**YOUR ASSIGNMENT**
Once the line with "Alumk žene casual" is found in the data, output it and each following line exactly, up to and including the line with "Athletic Grey K-State", and nothing before or after.

**DATA TO EXAMINE**
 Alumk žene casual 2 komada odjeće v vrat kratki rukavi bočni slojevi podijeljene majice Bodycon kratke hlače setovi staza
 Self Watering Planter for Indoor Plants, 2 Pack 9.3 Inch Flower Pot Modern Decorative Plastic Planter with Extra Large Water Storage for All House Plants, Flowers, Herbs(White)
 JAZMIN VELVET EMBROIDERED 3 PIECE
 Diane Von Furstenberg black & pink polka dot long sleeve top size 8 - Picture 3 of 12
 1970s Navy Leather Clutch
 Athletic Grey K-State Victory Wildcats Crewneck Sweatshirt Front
--
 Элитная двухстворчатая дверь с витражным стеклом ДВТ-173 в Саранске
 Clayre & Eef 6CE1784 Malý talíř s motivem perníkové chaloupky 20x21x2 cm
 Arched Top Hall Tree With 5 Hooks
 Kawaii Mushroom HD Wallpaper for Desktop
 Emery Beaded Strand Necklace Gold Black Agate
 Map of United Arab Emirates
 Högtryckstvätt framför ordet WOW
==
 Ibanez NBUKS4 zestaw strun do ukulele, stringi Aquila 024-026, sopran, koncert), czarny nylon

**TASK SOLUTION**
 Alumk žene casual 2 komada odjeće v vrat kratki rukavi bočni slojevi podijeljene majice Bodycon kratke hlače setovi staza
 Self Watering Planter for Indoor Plants, 2 Pack 9.3 Inch Flower Pot Modern Decorative Plastic Planter with Extra Large Water Storage for All House Plants, Flowers, Herbs(White)
 JAZMIN VELVET EMBROIDERED 3 PIECE
 Diane Von Furstenberg black & pink polka dot long sleeve top size 8 - Picture 3 of 12
 1970s Navy Leather Clutch
 Athletic Grey K-State Victory Wildcats Crewneck Sweatshirt Front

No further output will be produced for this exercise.